Only a little time have we been in the Peaceful Valley, when moose stories begin to circulate. The rumour goes that Mr. P., a camper, has seen a bull moose in the north meadow, and watched him feed for more than an hour. Louise, the dining-room girl, declares that she frequently sees a moose feeding in the “logan” when she rises about daybreak. (Will some etymologist settle the derivation of that word “logan”? About Moosehead it seems to be applied to a bay of any sort or condition. Is it a corruption of “lagoon”?) The Higher Critic kindly calls attention to the evident unreliability of these stories. We know the habits of the moose. It is a shy animal, and seldom comes out into the open. If it should venture out it most certainly would not approach a summer hotel. Granting that some demented specimen might visit a clearing in which is a hotel, it would do so only under the protection of darkness. The stories are evidently mythical. Only a few days later the Higher Critic receives a distinct jar when he is awakened at early dawn one morning by a tapping at his door and hears a low voice saying, “There’s a moose in the logan!” The shadows of night are not entirely gone, but it is light enough to see distinctly the dark object standing in the water and tearing at the lily-pads. A cow? Too large and too high at the shoulders. A horse? No horse ever had such ears or such a head. Although the H. C. has never before seen a moose outside of a zoological garden, one glance convinces him that his theory is seriously damaged.

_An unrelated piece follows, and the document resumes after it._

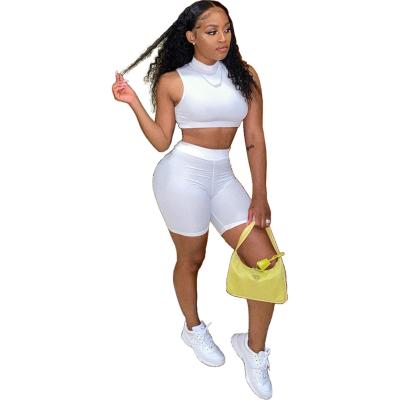 China Wholesale Women's Breathable Workout Sets Solid Color Slim Crop Top And Short Pants Two Piece Set for sale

A few days later, as the guests are eating their midday meal, the small boy rushes into the dining-room and shouts, “Moose in the logan!” In an incredibly short space of time the boarders have exchanged the dining-room for the garden fence, and are looking down upon such a sight as even dwellers in the Peaceful Valley seldom see. In the middle of the logan, and not more than forty rods away, stands a cow moose with her calf by her side. The mother plunges her muzzle into the water in search of food, lifts her head and munches for a time, and then repeats the process. All the time the tail is switching at the flies, and the great ears are slowly moving back and forth. Neither mother nor child seems to pay any attention to the spectators, and both remain perfectly unconcerned until the small boy begins to whistle and shout. Then, without any signs of fear, they walk out of the water, trot slowly across the meadow and disappear in the woods. The H. C. sadly lays his theory away in the mausoleum where so many of its kindred rest.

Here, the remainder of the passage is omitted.